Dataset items
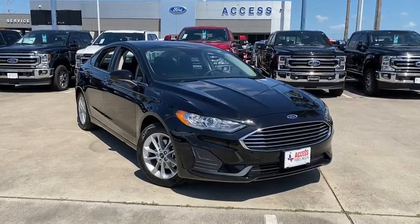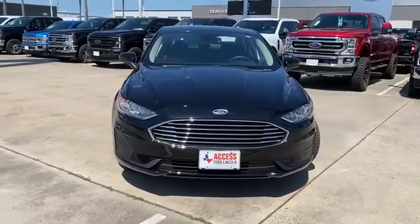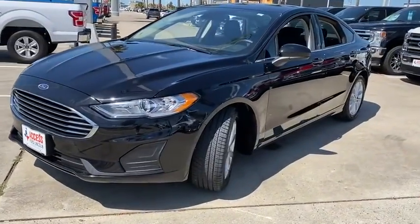Make a great choice today with the 2020 Ford Fusion. You can have both impressive power and great economy in a Fusion. Here are some of this vehicle's great options.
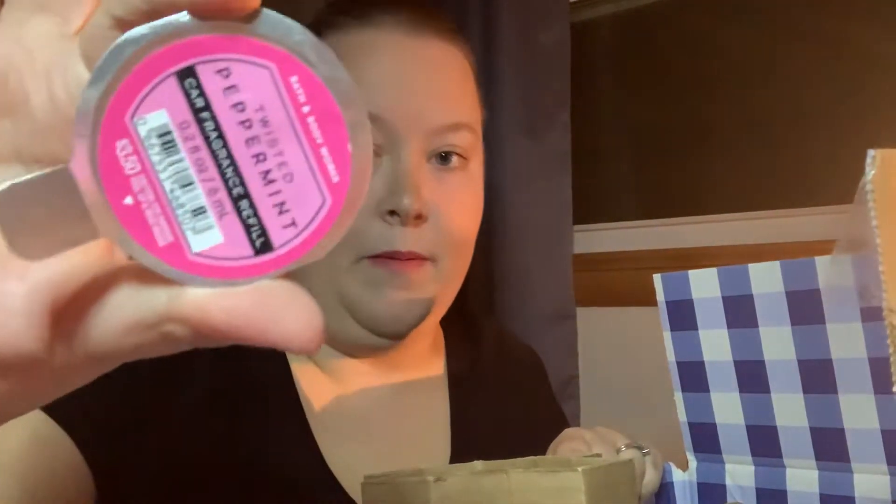Then I got a Twisted Peppermint Car Fragrance Refill for my car for the holiday season — gotta be smelling Christmassy everywhere I go. I actually got two Twisted Peppermint ones, so I'll be smelling minty fresh for a while. And then I went ahead and got a scent portable for my car because I didn't have one, so I will be able to use those scents in my car.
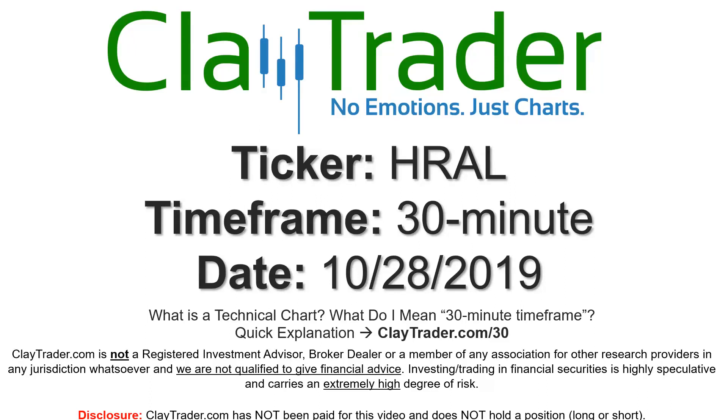Hey, it's Clay, and this will be a video chart on ticker symbol HRAL. We will take a look at the 30-minute time frame. Real quick, if you're new to charts and not sure what I mean by 30-minute, I do offer an explanation video at that link, so if you go there, I'll explain in detail.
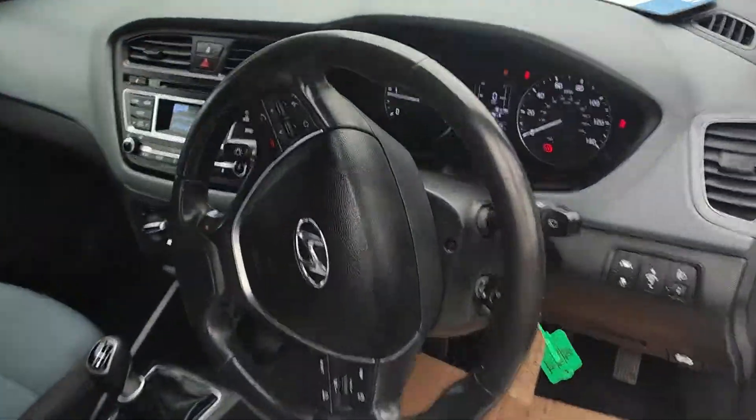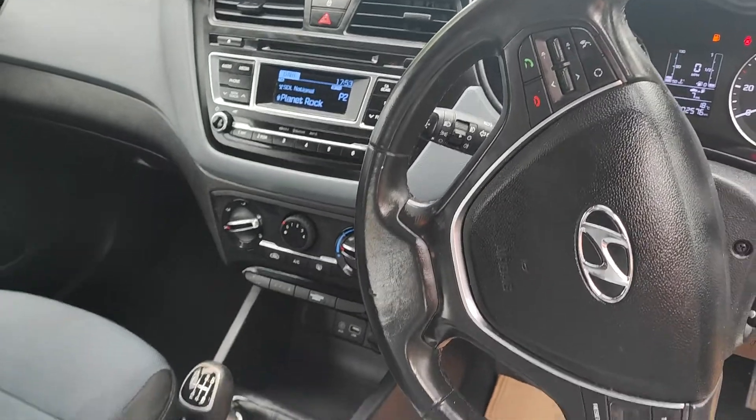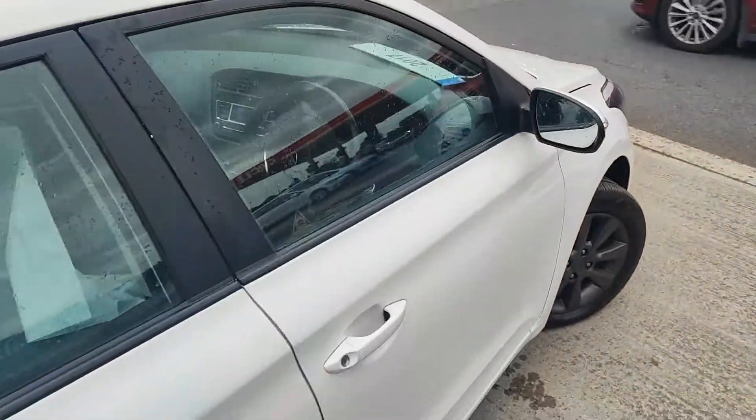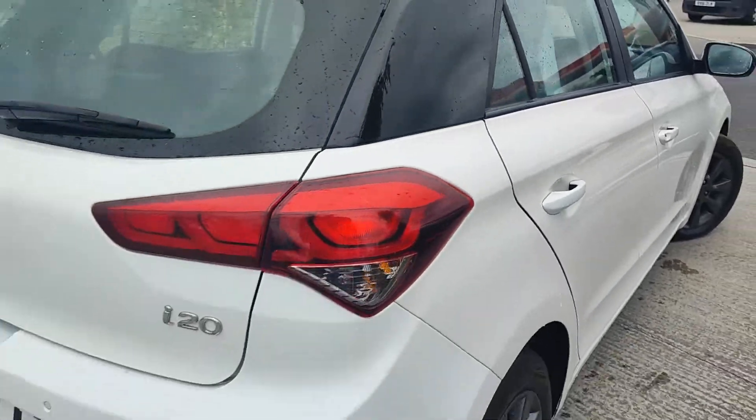Nice spec inside: leather steering wheel, aircon, media, six-speed gearbox, cruise control, alloy wheels, and a lane departure warning system.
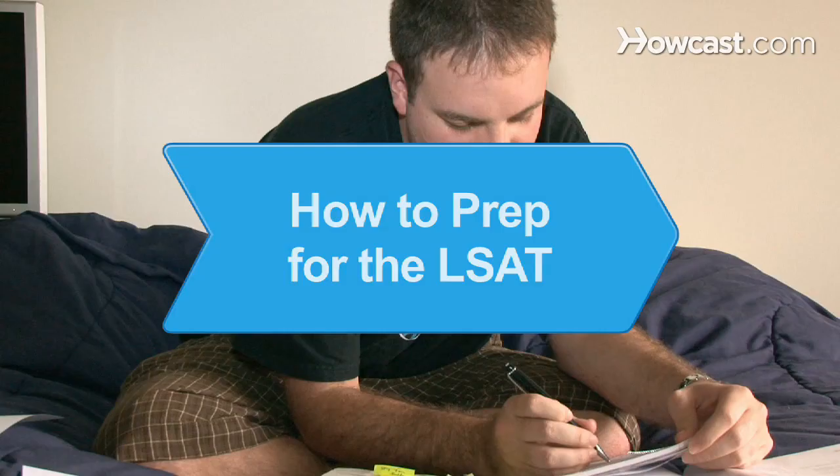How to prep for the LSAT. Don't let the LSAT stress you out. Be a good prospective law student by going into the test prepared.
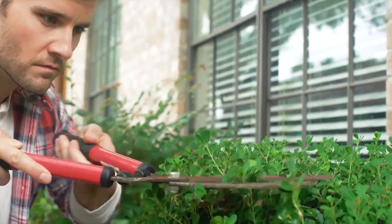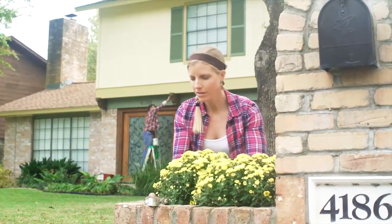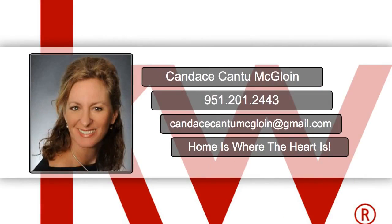Plant yellow flowers or group flower pots together. Yellow invokes the buying emotion. The outside of your house has to be as inviting as the inside. If you have any questions, feel free to contact me at 951-201-2443.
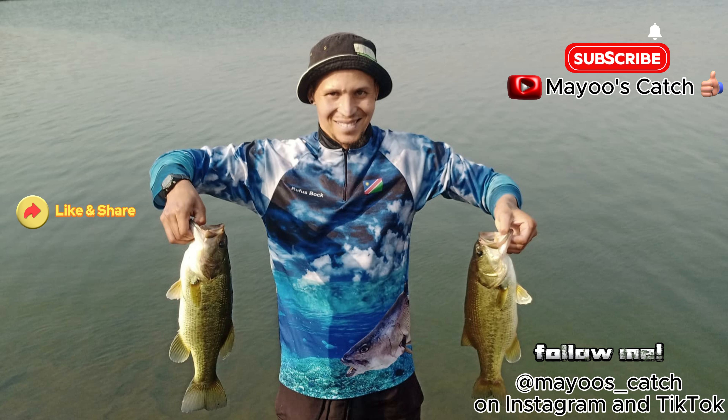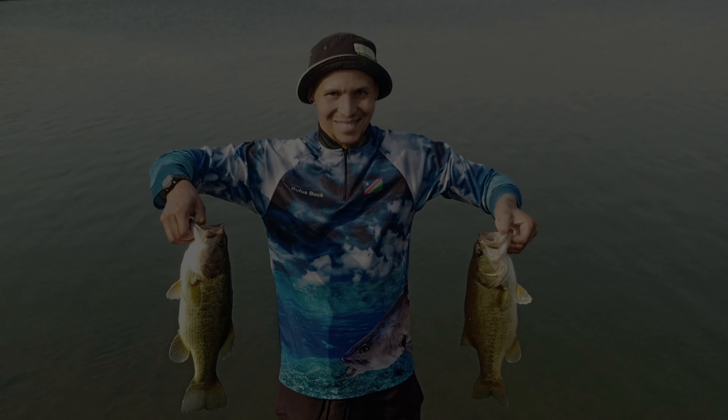Hi everyone, Mayu from Mayu's Catch here. Today is the 10th of September 2023. This is basically the end of winter and we're in spring. So let's see if the fish have started biting the way they should in summer. This will basically be a test — we will see how the fish are biting. Have they come out of the winter asleep and are they starting to bite again?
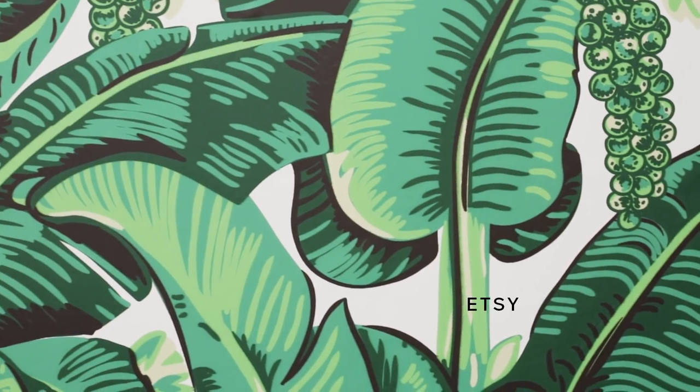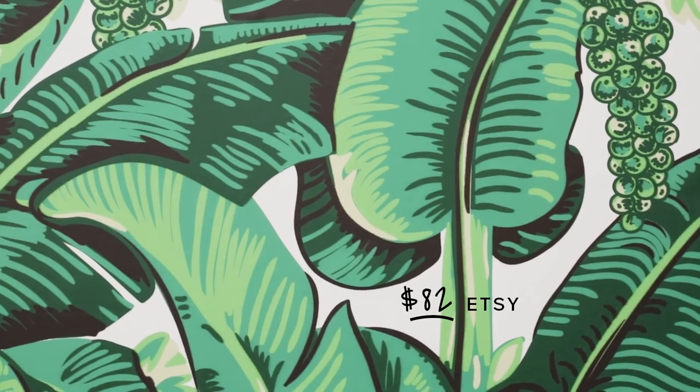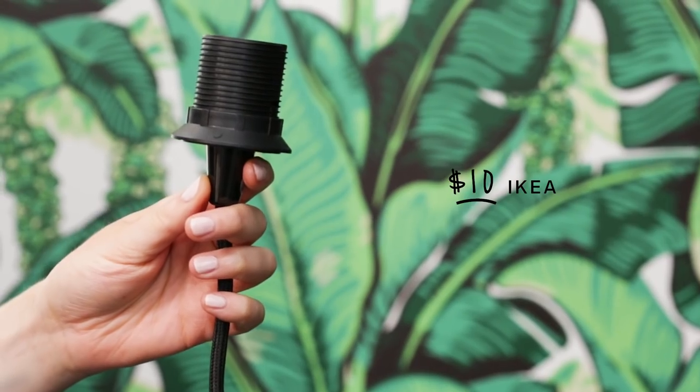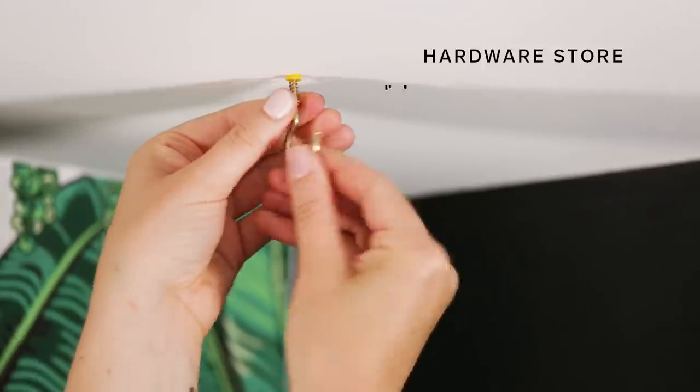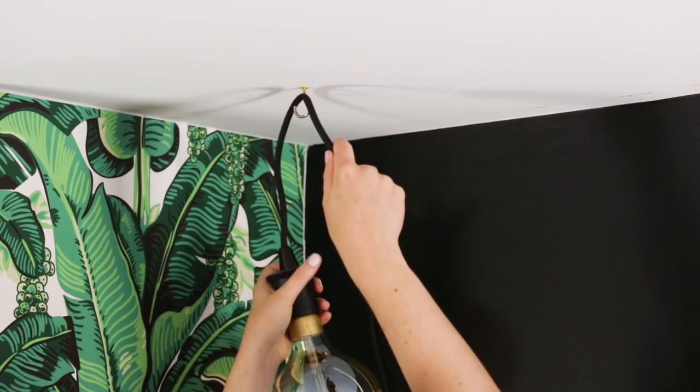This wallpaper is from Rocky Mountain Decals on Etsy. I'm going to let a little light in with the help of this $10 cord and this Edison-style bulb from Ikea. I'm hanging it from the ceiling with this cup hook, which is gold to match the bulb.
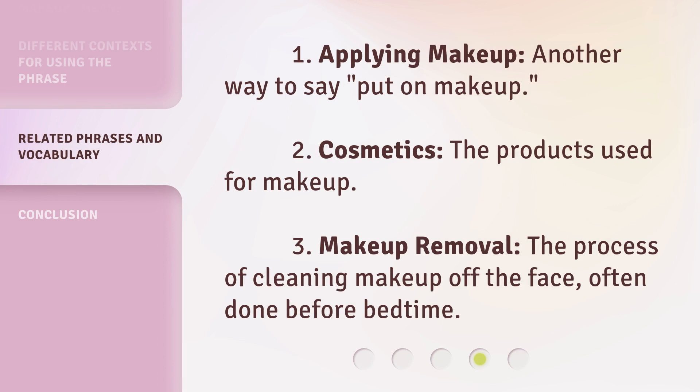Here are some related terms. First, 'Applying makeup' — another way to say 'put on makeup.' Second, 'Cosmetics' — the products used for makeup. Third, 'Makeup removal' — the process of cleaning makeup off the face, often done before bedtime.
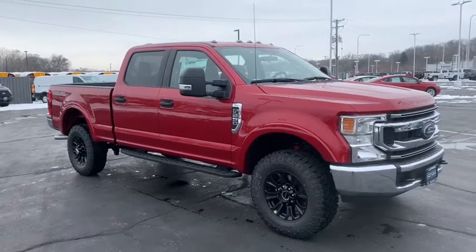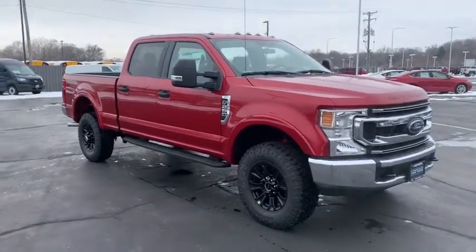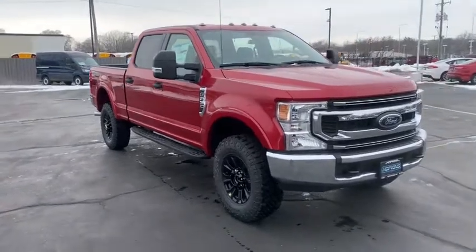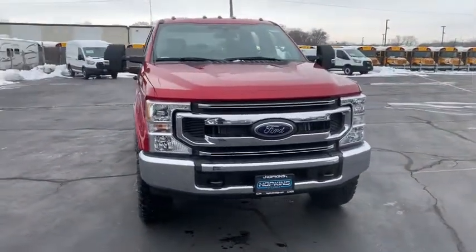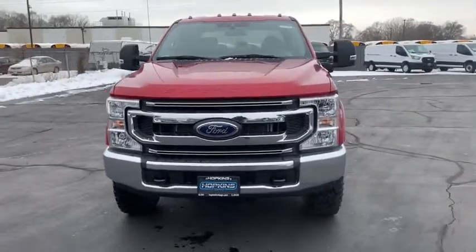We are pleased to show you the 2021 Ford F-250 Super Duty. Head-to-head fuel efficiency, head-to-head towing, head-to-head torque. Ford F-250 Super Duty.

TASK DESCRIPTION
Every line above should be printed again word for word, without its pictures.

COMPLETED TASK
Make a great choice today with the 2020 Ford Fusion. You can have both impressive power and great economy in a Fusion. Here are some of this vehicle's great options.
Then I got a Twisted Peppermint Car Fragrance Refill for my car for the holiday season — gotta be smelling Christmassy everywhere I go. I actually got two Twisted Peppermint ones, so I'll be smelling minty fresh for a while. And then I went ahead and got a scent portable for my car because I didn't have one, so I will be able to use those scents in my car.
Hey, it's Clay, and this will be a video chart on ticker symbol HRAL. We will take a look at the 30-minute time frame. Real quick, if you're new to charts and not sure what I mean by 30-minute, I do offer an explanation video at that link, so if you go there, I'll explain in detail.
Nice spec inside: leather steering wheel, aircon, media, six-speed gearbox, cruise control, alloy wheels, and a lane departure warning system.
How to prep for the LSAT. Don't let the LSAT stress you out. Be a good prospective law student by going into the test prepared.
Plant yellow flowers or group flower pots together. Yellow invokes the buying emotion. The outside of your house has to be as inviting as the inside. If you have any questions, feel free to contact me at 951-201-2443.
Hi everyone, Mayu from Mayu's Catch here. Today is the 10th of September 2023. This is basically the end of winter and we're in spring. So let's see if the fish have started biting the way they should in summer. This will basically be a test — we will see how the fish are biting. Have they come out of the winter asleep and are they starting to bite again?
This wallpaper is from Rocky Mountain Decals on Etsy. I'm going to let a little light in with the help of this $10 cord and this Edison-style bulb from Ikea. I'm hanging it from the ceiling with this cup hook, which is gold to match the bulb.
Here are some related terms. First, 'Applying makeup' — another way to say 'put on makeup.' Second, 'Cosmetics' — the products used for makeup. Third, 'Makeup removal' — the process of cleaning makeup off the face, often done before bedtime.
We are pleased to show you the 2021 Ford F-250 Super Duty. Head-to-head fuel efficiency, head-to-head towing, head-to-head torque. Ford F-250 Super Duty.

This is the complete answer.